Campaigner Lucy Lintott was given an award created in memory of her friend Gordon Aikman

The youngest Scot to be living with Motor Neuron Disease was honoured at dinner to remember her friends and fellow campaigner Gordon Aikman.

On Global MND Awareness Day (Thursday 21 June) supporters of MND Scotland gathered to remember Gordon, who died last year after battling the condition.

Gordon’s Fightback dinner saw the first presentation of the Fightback Spirit award, which recognises someone's inspirational contribution to the fightback against MND. The award was presented to Lucy Lintott (24) from Moray.

Lucy was diagnosed with MND when she was just 19 years old. In the face of a devastating diagnosis she decided to live her life to the full, and her positive attitude and drive to raise awareness and funds has touched many.

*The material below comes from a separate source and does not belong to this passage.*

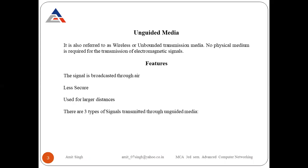Another feature is that unguided media is less secure, because with no wire, signals are open as they travel from sender to receiver. It is used for larger distances where we cannot use wires, so we use wireless medium instead. There are three types of signals transmitted through unguided media, which we will discuss one by one.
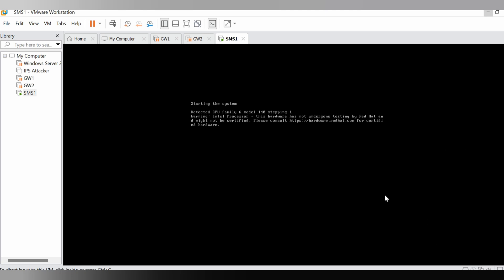Once reboot, we will log in to the web UI of this SMS and we'll see if the version is upgraded to R81.10. Let's wait for the reboot to be complete and we'll go to the web UI. Give it time.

Lucy said: “I’m honoured to receive the Fightback Spirit award. Gordon and I have received many awards together over the years, so getting one named in memory of him, is very surreal.”

Lawrence Cowan, chair of MND Scotland, said: “Lucy is an inspiration to us all. Her approach to life, the way she is helping raise awareness of the condition and her fundraising are just incredible.

“Lucy has raised over £170,000 to support people and fund a cure for MND. The way she has also opened up her life to raise awareness of the condition through the media and in her recent documentary MND and 22-year-old me is beyond courageous.”

Doddie Weir, who presented Lucy with the award, and hosted a live auction at the dinner, said "It is fantastic to meet Lucy, something I have been wanting to do since watching her incredibly honest and moving documentary about her life with MND.

"Lucy has taken a devastating diagnosis and turned it into a positive – her fundraising efforts and work to educate people about Motor Neurone Disease is inspiring and an example to us all. I am humbled and delighted to present her with this award, while also recognising the huge contribution Gordon made to the fight against this horrendous disease."

“Gordon really cared about Lucy,” said Gordon's husband Joe Pike.

“He found strength in her fight against MND. They were both living with the disease at the same time and Gordon loved Lucy’s fun-loving spirit, her humour and her determination to make most of every moment.

“She inspires me, everyone involved in the Gordon’s Fightback campaign and so many others to keep making a difference.”